DISTINCTIONS THAT MATTER
ELECTION vs. APPOINTMENT OF JUDGES
One of the most important differences between Bert and my philosophy is our view on the appointment of judges. While this does not involve a case per se, it certainly involves a leader on the highest criminal court’s opinion that is contrary to the Republican platform and our conservative values. Judges will have input into this issue and be a voice on how judges are elected.
Below is a quote from Bert’s response to the Montgomery County Tea Party Questionnaire. “. . . I agree with Gov. Abbott and Chief Justice Hecht that there must be a better way to select or keep our judges. That might involve a different selection system for high or appellate court judges versus local judges. A bipartisan committee has been formed by the Governor to study the different ways other States select their judges. I agree that such a committee should be formed. The Missouri plan, so far, sounds the most appealing to me, but I don’t know all the specifics other than that it involves a bipartisan committee that vets qualified candidates for appointment, and they are then subject to retention elections, which give the public the opportunity to remove a judge.”
Gina Parker’s Position: I’m opposed to the appointment of judges. Under a plan like this, typically the governor appoints state judges from a very small list of nominees chosen by the state bar association and then, after a term of years, the judge is placed on the ballot, without any opponent, where the people can simply vote “Yes” to retain the judge in office or “No” to remove the judge. If the judge gets a majority (sometimes a super-majority is required) of “Yes” votes, he wins "retention" and serves another term. If not, he is no longer a judge. Since states began adopting the Missouri plan in the 1960s, nearly all judges win retention. This removes the power of the people and inserts lawyers and big money into the judicial appointment process. Most attorneys are liberal in their views and far more than half of attorneys who contributed to political campaigns gave money to democrats. Moreover, the two-party process serves well in vetting candidates for office and at least informs the voter of the basic philosophical underpinnings of the candidate.
OPEN MEETINGS ACT
The Court in the Doyal case in a 7-2 opinion struck down key provisions in the long-standing Open Meetings Act, in thereby, directly undermined transparency in government.

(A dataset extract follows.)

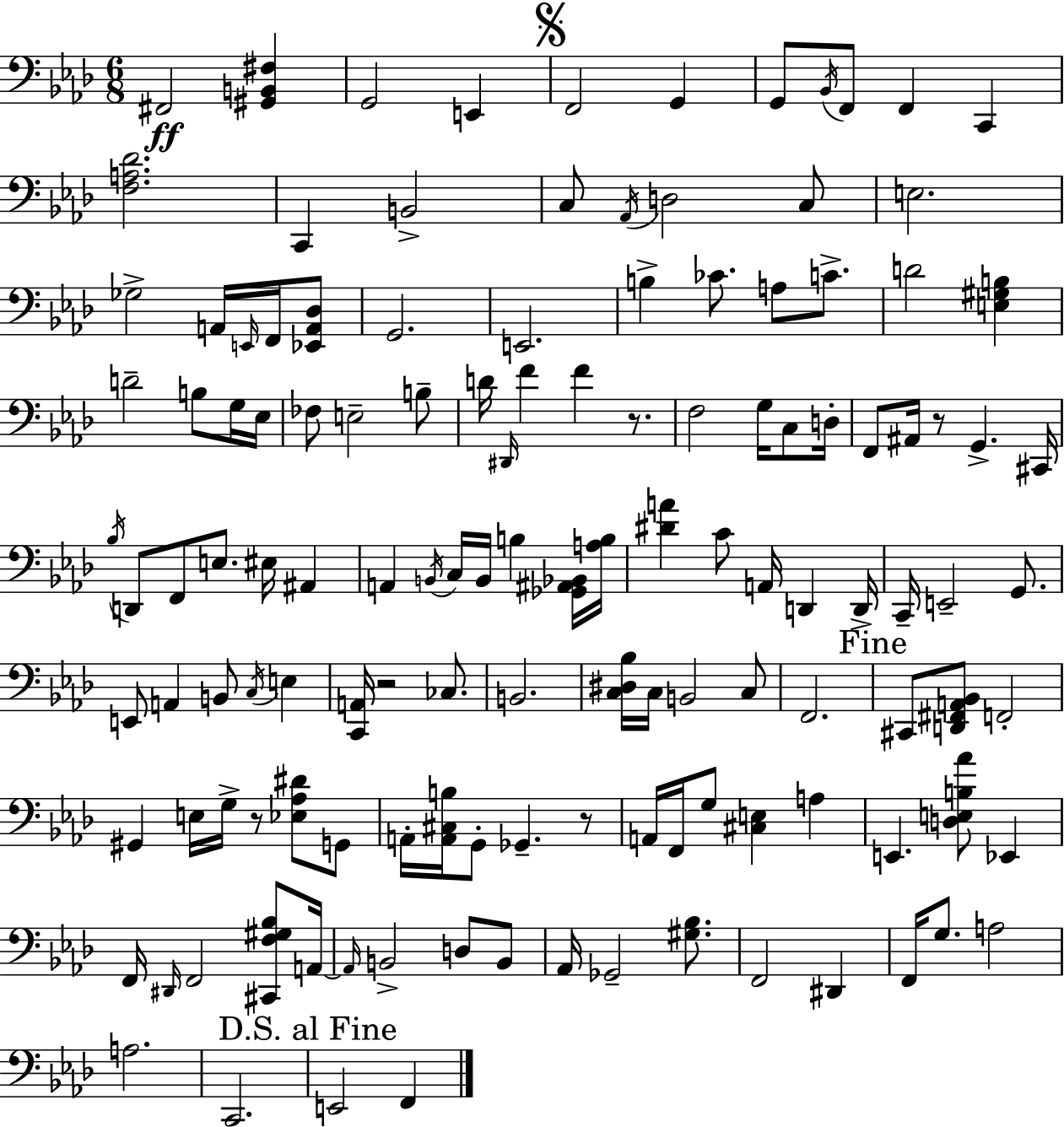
F#2/h [G#2,B2,F#3]/q G2/h E2/q F2/h G2/q G2/e Bb2/s F2/e F2/q C2/q [F3,A3,Db4]/h. C2/q B2/h C3/e Ab2/s D3/h C3/e E3/h. Gb3/h A2/s E2/s F2/s [Eb2,A2,Db3]/e G2/h. E2/h. B3/q CES4/e. A3/e C4/e. D4/h [E3,G#3,B3]/q D4/h B3/e G3/s Eb3/s FES3/e E3/h B3/e D4/s D#2/s F4/q F4/q R/e. F3/h G3/s C3/e D3/s F2/e A#2/s R/e G2/q. C#2/s Bb3/s D2/e F2/e E3/e. EIS3/s A#2/q A2/q B2/s C3/s B2/s B3/q [Gb2,A#2,Bb2]/s [A3,B3]/s [D#4,A4]/q C4/e A2/s D2/q D2/s C2/s E2/h G2/e. E2/e A2/q B2/e C3/s E3/q [C2,A2]/s R/h CES3/e. B2/h. [C3,D#3,Bb3]/s C3/s B2/h C3/e F2/h. C#2/e [D2,F#2,A2,Bb2]/e F2/h G#2/q E3/s G3/s R/e [Eb3,Ab3,D#4]/e G2/e A2/s [A2,C#3,B3]/s G2/e Gb2/q. R/e A2/s F2/s G3/e [C#3,E3]/q A3/q E2/q. [D3,E3,B3,Ab4]/e Eb2/q F2/s D#2/s F2/h [C#2,F3,G#3,Bb3]/e A2/s A2/s B2/h D3/e B2/e Ab2/s Gb2/h [G#3,Bb3]/e. F2/h D#2/q F2/s G3/e. A3/h A3/h. C2/h. E2/h F2/q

My opponent joined the majority opinion, however, Justice Kevin Yeary dissented, writing in the opinion, “To provide a true disincentive, the stigma of a criminal penalty is necessary,” and “Yet another perfectly good statute falls today.” As a former City Attorney and member and chair of TDLR for almost 8 years, I totally agree with Justice Yeary. There was no doubt what the law stated.
RICK PERRY CASE – SEPARATION OF POWERS ISSUE
The handling of the former Governor Rick Perry case by Bert Richardson as the visiting District Court Judge is a true reflection of his judicial philosophy on key Constitutional issues like the separation of powers.
My opponent did not follow the rule of law in the high-profile case against former Governor Rick Perry (No. PD-1067-15) decided February 24, 2016. The case arose over the governor’s right to exercise a veto. A Travis County grand jury indicted the Governor because he vetoed funds appropriated to the Public Integrity Unit of the Travis County District Attorney’s Office. You may remember that the Democrat Travis County District Attorney Rosemary Lehmberg was arrested for DWI while in office. A video of how abusive she was to the arresting officers and those in the jail aired on the local news and on social media. The Texas Court of Criminal Appeals in a majority opinion reversed Judge Richardson’s decision of the trial court and ruled in favor of Governor Perry.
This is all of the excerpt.